Whether planned or not, changes in your work arrangements can have a big impact on your scheme benefit. In this video, we cover some of your options and what they could mean for you.
Q. Many Australians are worried about the impact of poor share market performance on their super. Will market volatility have an impact for SASS members and their scheme benefit?
The SASS scheme provides unique protection for members. The good news is contributing SASS members have the protection of a defined benefit that limits the impact of market volatility on their savings. Both the employer-financed benefit and basic benefit are based on a formula that takes into account years of service, personal contributions and their final average salary. Those parts are not a market-linked calculation and so movements in the share market have no impact. Only the personal account (roughly a third of the end benefit) is impacted by market volatility.
Deferred accounts are fully exposed to market volatility as they have no defined benefit component. The entire account balance is invested and therefore exposed to market volatility. The extent of the impact will depend on which investment option they are invested in. Whilst the investment option for the basic benefit (roughly 15%) is decided for them, deferred members have choice over where the rest or their money is invested.
Q. What actions or steps should SASS members be taking right now?

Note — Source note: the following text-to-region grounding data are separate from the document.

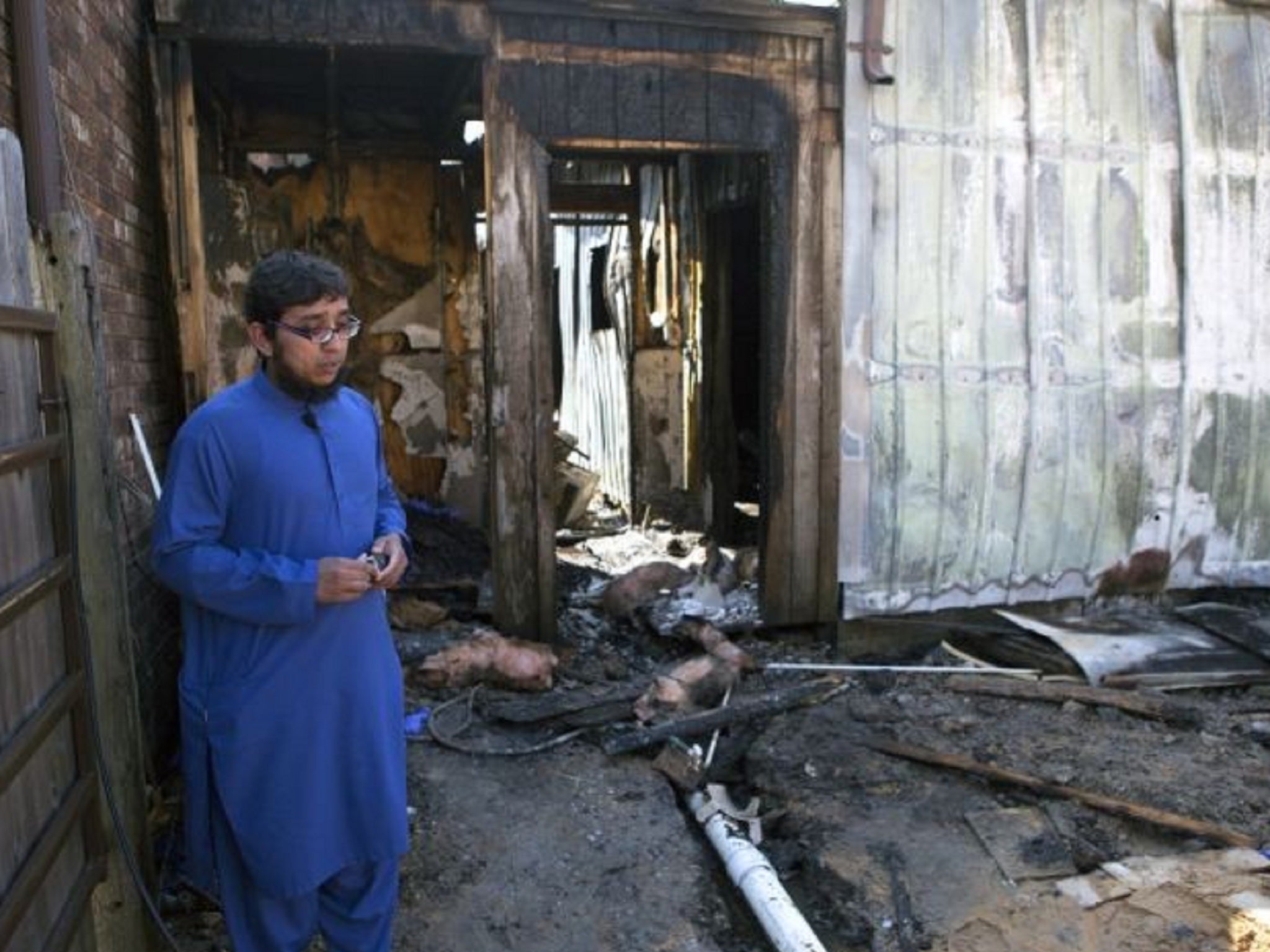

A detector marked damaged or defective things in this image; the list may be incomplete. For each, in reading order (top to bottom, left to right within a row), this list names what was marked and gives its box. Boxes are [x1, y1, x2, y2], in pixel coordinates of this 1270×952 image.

rusted metal frame [11, 0, 61, 229]
rusted metal frame [0, 307, 56, 337]
burnt wooden door frame [480, 15, 838, 637]
rusted metal frame [0, 434, 63, 477]
rusted metal frame [0, 558, 71, 635]
rusted metal frame [35, 309, 107, 868]
rusted metal frame [0, 670, 84, 797]
broken wood fragment [599, 680, 838, 756]
broken wood fragment [944, 675, 1199, 726]
broken wood fragment [868, 736, 1254, 848]
rusted metal frame [0, 777, 98, 952]
rusted metal frame [33, 858, 105, 952]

The first thing I would say, is to understand how your money is invested. If you haven’t done so recently, review your investment option to make sure your personal account is invested in line with your risk appetite. You will need to be proactive about this. If you are a contributing member and you don’t choose your investment option, your savings will be invested in the growth fund – which may suit some people but may not be for everyone. For deferred members up to age 59, the default investment option is growth, but this changes to the balanced option once they reach age 60.
Secondly, I would urge SASS members to take caution before reacting to movements in the share market. Super is a long-term investment that requires careful planning and consideration. Reacting to market volatility and switching investment options now could mean you’re locking in losses. Timing the market is always difficult, but SASS members have the added challenge of a time delay when switching options. If you plan to switch your investment option, you’ll need to indicate your intention on, or before, the 25th of a month but the actual investment will not be moved until the last day of that month.
It’s also important to keep in mind the diversification principle. Both SASS balanced and growth funds are invested in a diverse range of quality assets. Diversifying your money across different asset classes (such as shares, fixed income and property) aims to smooth your returns over time, because different assets can react differently to the same market event.
The final thing I’d say, is to seek financial advice from a professional that understands the SASS Scheme before making changes to your investment option – or any other significant changes for that matter. An Aware Super financial planner can assess the true impact of any changes and let you know if there’s a better alternative.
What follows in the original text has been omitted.